Benchmarking The SLP Vectorizer On LLVM Clang 3.4
The SLP Vectorizer can vectorize memory access, arithmetic operations, comparison operations, and other select operations. Back when it was ready in LLVM Clang 3.3 I did some early benchmarks and explained it in more detail. There's also the LLVM auto-vectorizer documentation.
With LLVM Clang 3.4 SVN it looks like the superword-level parallelism vectorizer will at least be enabled for the -O3 optimization level if not for other optimization levels too. With this upcoming change, from the LLVM/Clang Subversion code as of this weekend I ran some benchmarks when comparing the -fslp-vectorize compiler switch for a range of C/C++ benchmarks.
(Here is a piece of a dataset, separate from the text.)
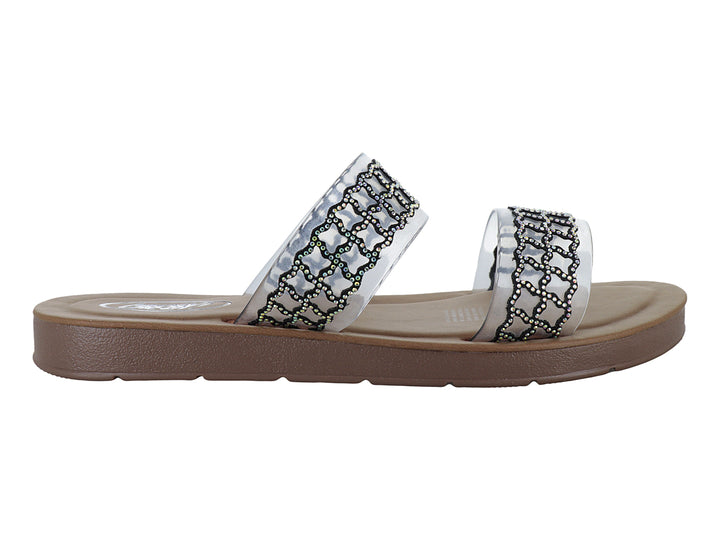 Sandalia plana color negro con tiras decorativas en color plata brillante y suela marrón.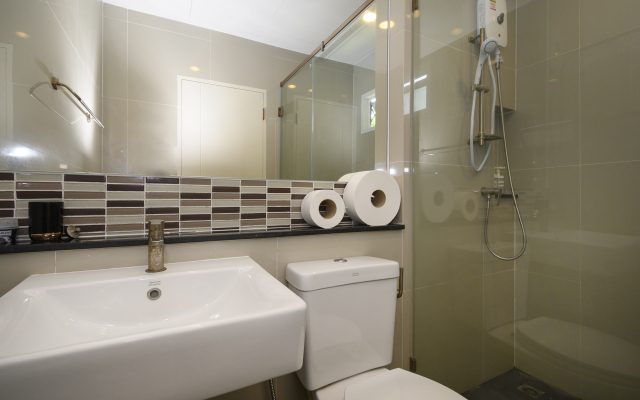 4 BR Saransiri Villa 2#l Pool Gym Garage Netflix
The -O3 -march=native compiler switches were set the entire time.
These test results can be found on OpenBenchmarking.org in 1307291-SO-FSLPVECTO83.
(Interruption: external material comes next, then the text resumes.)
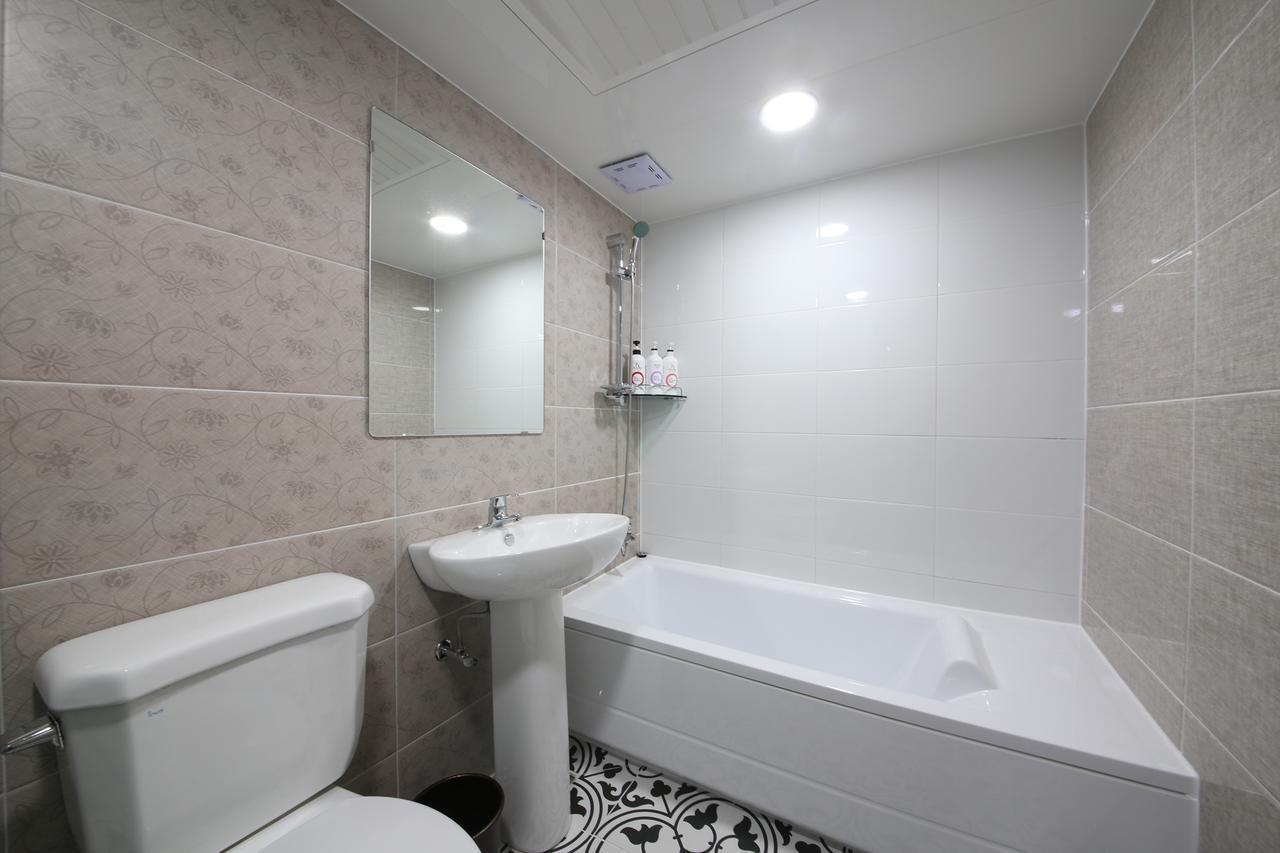 Art Hotel Gumi Extérieur photo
For most of our real-world workload tests on Linux with LLVM/Clang 3.4 SVN, there was little change in performance out of the basic SLP Vectorizer. However, as the benchmarks showed this past weekend, for certain operations and micro-benchmarks there are worthwhile improvements to find with this straight-code vectorizer. There's at least no regressions even though this isn't quite as useful as the Loop Vectorizer.